Web page caption snippets

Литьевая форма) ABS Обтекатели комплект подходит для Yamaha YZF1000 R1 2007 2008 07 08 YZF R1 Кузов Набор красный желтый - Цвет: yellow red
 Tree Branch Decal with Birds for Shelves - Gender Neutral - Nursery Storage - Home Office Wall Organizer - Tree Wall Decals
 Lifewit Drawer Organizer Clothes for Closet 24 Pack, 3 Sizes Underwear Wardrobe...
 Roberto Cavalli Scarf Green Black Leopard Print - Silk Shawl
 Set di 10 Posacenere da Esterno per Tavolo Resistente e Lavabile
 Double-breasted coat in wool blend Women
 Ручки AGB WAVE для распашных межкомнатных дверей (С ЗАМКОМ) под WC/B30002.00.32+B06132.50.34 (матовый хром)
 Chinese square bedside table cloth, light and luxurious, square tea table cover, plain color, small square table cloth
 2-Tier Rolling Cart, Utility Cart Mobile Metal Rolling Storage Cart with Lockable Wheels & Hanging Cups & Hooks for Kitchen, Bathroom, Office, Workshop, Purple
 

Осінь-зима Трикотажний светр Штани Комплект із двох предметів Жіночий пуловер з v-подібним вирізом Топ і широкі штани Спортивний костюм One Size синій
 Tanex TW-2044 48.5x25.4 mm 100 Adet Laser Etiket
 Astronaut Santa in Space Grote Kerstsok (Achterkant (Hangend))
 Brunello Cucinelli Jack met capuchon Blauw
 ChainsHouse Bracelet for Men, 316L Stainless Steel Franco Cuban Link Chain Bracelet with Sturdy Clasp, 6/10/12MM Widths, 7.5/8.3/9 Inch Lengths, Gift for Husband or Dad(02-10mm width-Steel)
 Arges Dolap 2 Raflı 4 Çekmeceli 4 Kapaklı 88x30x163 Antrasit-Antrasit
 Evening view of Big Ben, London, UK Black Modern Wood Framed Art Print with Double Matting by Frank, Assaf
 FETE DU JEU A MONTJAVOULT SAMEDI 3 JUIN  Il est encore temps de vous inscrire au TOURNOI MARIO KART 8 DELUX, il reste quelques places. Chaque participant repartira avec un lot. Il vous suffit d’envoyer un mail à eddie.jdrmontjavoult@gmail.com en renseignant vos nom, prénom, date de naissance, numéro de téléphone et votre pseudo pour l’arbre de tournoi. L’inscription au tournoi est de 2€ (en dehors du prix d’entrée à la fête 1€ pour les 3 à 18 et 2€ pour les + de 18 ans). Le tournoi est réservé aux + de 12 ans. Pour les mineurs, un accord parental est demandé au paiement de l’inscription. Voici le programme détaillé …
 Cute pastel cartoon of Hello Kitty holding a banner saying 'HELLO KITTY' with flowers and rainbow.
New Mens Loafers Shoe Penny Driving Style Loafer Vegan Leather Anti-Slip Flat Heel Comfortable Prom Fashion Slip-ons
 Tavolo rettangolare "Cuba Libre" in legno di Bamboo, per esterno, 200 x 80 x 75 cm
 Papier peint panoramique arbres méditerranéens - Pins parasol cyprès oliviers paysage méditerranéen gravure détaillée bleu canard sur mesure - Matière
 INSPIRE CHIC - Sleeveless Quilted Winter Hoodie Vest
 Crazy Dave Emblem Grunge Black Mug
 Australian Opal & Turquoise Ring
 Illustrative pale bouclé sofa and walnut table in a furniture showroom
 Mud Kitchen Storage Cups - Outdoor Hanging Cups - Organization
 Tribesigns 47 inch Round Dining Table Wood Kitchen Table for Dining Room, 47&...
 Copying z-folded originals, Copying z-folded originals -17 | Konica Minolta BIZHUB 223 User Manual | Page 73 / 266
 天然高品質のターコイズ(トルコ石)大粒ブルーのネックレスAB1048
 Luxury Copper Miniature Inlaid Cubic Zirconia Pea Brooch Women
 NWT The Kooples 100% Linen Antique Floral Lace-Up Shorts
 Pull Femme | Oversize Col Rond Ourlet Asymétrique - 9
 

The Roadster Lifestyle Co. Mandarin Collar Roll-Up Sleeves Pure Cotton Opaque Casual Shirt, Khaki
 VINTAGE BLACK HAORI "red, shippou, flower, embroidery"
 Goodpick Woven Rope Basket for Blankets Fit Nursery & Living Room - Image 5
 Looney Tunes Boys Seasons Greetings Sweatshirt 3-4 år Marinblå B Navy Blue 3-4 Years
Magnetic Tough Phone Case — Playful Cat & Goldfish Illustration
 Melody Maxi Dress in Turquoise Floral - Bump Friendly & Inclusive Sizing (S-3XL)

- PROBLEM TO SOLVE
Among the lines above, return each one holding the string "Women".

- RESULT OF THE EXERCISE
 Double-breasted coat in wool blend Women
 Luxury Copper Miniature Inlaid Cubic Zirconia Pea Brooch Women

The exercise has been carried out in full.